TNB confident of securing sizeable contingent capex over RP4


Apex Research said contingent capex will only be implemented upon reaching specific triggering points.

PETALING JAYA: Tenaga Nasional Bhd (TNB) is confident of securing 60% to 70% of the contingent capital expenditure (capex) in the Regulatory Period 4 (RP4).

Apex Research said this was disclosed by the utility’s management in a recent briefing where further details on RP4’s capex was shared.

To recap, RP4’s approved capex includes RM26.6bil in base capex and RM16.3bil in contingent capex. The base capex has already been factored into the base tariff of 45.62 sen per kilowatt-hour (kWh) announced for RP4 covering the period of 2025 to 2027.

Meanwhile, the research firm said contingent capex will only be implemented upon reaching specific triggering points.

“For instance, if demand for smart meters increases, TNB can install additional smart meters once conditions are met. The recovery mechanism for contingent capex is still under discussion with the Energy Commission, but one certainty is that the regulated rate of return will remain at 7.3%,” Apex Research said in a report.

Almost 64% of the contingent capex is allocated to energy transition initiatives such as the distribution automation, smart meters and electric vehicle EV infrastructure, while 30% is designated for meeting potential demand growth like from data centres.

The remaining 6% is earmarked for ensuring security of supply.

For 2025, electricity demand growth is projected at 3.5% to 4.5%, slightly below the forecast gross domestic product growth of 4.5% to 5.5%.

“Management has guided a total capex of circa RM20bil, comprising RM10bil regulated capex, RM8bil unregulated capex and RM1bil to RM2bil contingent capex.

Meanwhile, with coal prices trending down and the coal price forecast revised higher to US$97 per tonne in RP4 (versus US$79 per tonne in RP3), the imbalance cost pass-through (ICPT) receivables from the government should be lower than during RP3, thereby freeing up additional cash flow for TNB to fund the RM20bil capex target in 2025.”

It noted that TNB received RM3bil out of RM3.4bil ICPT receivables for the period January 2024 to December 2024 demonstrating that the Incentive-Based Regulation framework remains intact.

Cumulatively, TNB has secured electricity supply agreements for data centre projects with a total maximum demand of 5.9 gigawatt (GW).

In 2024, the group completed nine projects with maximum demand of 1.3GW, bringing the total completed projects to 1.9GW.

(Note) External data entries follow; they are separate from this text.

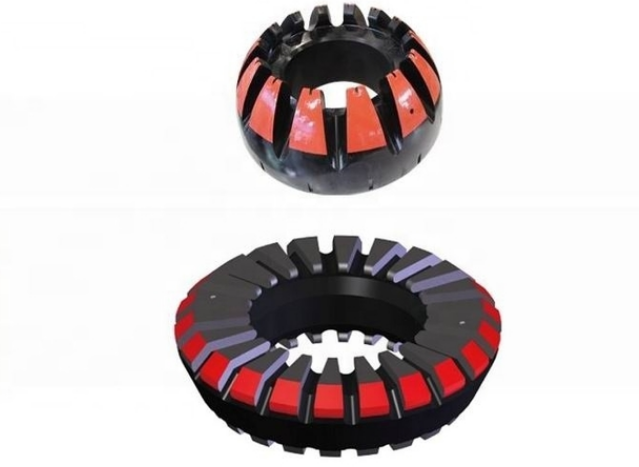 API 16A BOP Spare Parts Annular BOP Rubber Packing Element / Unit / Core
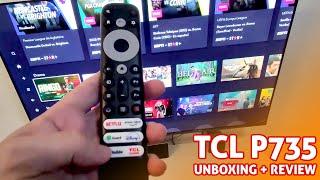 Review TV TCL P735 con Google TV ·  ¿El mejor del mercado?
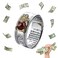 HETICA Feng Shui Pixiu Mantra Amulet Lucky Adjustable Ring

The group aims to complete five projects with a total maximum demand of 1.3GW in 2025.

“We reiterate a ‘buy’ with an unchanged target price of of RM16.04.

“We remain positive on TNB’s outlook, driven by rising energy demand, ongoing energy transition under the National Energy Transition Roadmap, which requires significant grid investment and modernisation, as well as potential growth from low-carbon electricity exports to Singapore.”

TNB’s shares closed at RM13.38 on March 28, down 9.35% year-to-date.